- Text: Popol Vuh
- Composed: 1934 (rev. 1961)
- Dedication: Louise Varèse
- Published: 1961, New York
- Publisher: Colfranc Music Publishing
- Duration: 11 minutes
- Scoring: Bass (or male chorus) and ensemble

Premiere
- Date: April 15, 1934
- Location: Town Hall, New York City
- Conductor: Nicolas Slonimsky
- Performers: Chase Baromeo (bass)

= Ecuatorial (Varèse) =

Ecuatorial is a secular cantata for bass or male chorus and large ensemble by the French–American composer Edgard Varèse. Finished in 1934, it was revised in 1961.

== Background ==
Ecuatorial was born out of Varèse's fascination with electronic instruments. After the French premiere of Amériques in 1929, where the composer replaced the siren with an ondes Martenot, he decided to move electronic instruments to the foreground. Written between 1932 and 1934, Ecuatorial was Varèse's first composition to feature both acoustic and electronic instruments. The title comes from the area of land where pre-Columbian art flourished. It was dedicated to Louise Varèse, his wife, and premiered on April 15, 1934, at New York's Town Hall. The premiere was given by bass Chase Baromeo and conductor Nicolas Slonimsky. The concert was sponsored by the Pan American Association of Composers, an association founded by Varèse himself that was largely funded by Charles Ives and premiered many works by Varèse. In 1961, Edgard Varèse revised the composition, making several modifications to the scoring to facilitate its publication. The revised version was published by Colfranc Music Publishing in 1961 and later by Casa Ricordi.

== Structure ==
This cantata has a total playing time of eleven minutes. It is scored for a solo bass (or male chorus in the revised version) and an atypical large ensemble: four trumpets, four trombones, piano, organ, two "cello theremins" designed by Leon Theremin (changed to two ondes Martenot in the revised version), and six percussionists playing timpani, two snare drums, two tenor drums, three bass drums, two tam-tams, a gong, cymbals, a suspended cymbal, temple blocks, and a tambourine.

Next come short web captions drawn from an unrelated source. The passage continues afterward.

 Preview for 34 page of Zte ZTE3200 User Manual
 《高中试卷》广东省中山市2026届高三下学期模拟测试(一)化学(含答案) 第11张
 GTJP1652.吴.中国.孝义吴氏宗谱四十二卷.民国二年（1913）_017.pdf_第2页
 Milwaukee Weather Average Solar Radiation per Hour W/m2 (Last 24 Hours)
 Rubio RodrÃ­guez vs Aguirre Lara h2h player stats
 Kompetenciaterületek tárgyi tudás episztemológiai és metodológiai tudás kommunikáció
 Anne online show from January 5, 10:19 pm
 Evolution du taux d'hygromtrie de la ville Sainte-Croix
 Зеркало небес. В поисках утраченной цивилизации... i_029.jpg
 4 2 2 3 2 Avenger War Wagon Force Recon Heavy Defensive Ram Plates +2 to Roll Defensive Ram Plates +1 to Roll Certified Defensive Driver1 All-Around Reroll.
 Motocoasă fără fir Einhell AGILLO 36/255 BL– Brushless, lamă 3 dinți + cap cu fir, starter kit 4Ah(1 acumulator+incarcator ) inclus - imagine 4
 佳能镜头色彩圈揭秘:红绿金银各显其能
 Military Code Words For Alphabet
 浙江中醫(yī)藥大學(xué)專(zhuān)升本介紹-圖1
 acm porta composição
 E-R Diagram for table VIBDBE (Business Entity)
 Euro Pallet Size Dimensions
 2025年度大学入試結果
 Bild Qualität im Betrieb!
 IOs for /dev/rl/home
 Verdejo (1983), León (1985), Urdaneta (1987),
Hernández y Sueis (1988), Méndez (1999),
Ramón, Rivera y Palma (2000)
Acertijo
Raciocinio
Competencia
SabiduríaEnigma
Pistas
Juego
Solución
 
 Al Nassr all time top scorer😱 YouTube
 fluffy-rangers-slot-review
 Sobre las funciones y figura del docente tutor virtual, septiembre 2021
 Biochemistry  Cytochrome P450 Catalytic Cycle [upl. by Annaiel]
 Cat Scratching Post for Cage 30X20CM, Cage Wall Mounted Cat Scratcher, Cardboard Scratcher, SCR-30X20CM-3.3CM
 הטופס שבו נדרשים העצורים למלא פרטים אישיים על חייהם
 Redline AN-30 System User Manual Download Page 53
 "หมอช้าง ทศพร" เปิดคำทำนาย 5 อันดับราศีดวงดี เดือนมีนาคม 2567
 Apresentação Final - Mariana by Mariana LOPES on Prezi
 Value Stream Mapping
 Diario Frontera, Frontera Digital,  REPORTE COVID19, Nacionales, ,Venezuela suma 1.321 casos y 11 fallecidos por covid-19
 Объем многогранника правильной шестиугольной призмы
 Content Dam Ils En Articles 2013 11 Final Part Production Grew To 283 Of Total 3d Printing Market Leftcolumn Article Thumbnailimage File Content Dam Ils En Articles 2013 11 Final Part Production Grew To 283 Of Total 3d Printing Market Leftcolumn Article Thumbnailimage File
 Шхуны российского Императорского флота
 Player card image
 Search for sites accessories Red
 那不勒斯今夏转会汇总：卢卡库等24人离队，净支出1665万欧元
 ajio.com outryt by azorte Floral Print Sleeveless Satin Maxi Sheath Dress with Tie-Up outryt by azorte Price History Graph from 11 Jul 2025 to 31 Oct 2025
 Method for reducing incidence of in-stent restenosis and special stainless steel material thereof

The composition initially featured two "cello theremins" designed by Leon Theremin, which had a fingerboard and an extremely high-pitched range (reaching as high as E7). Varèse was specially interested in these theremins as they would allow for glissandi and long sustained notes. For the 1961 revised version, these would be replaced with the ondes Martenot, which had become much more popular in France in the 1940s and was generally easier for play for keyboard players. The other change made for Ecuatorial's first publication in 1961 was the optional change of the bass for a male chorus. Varèse stated in that regard that the chorus should be made up of "bass voices, above all, no church singers. At all costs avoid the constipated and Calvinists."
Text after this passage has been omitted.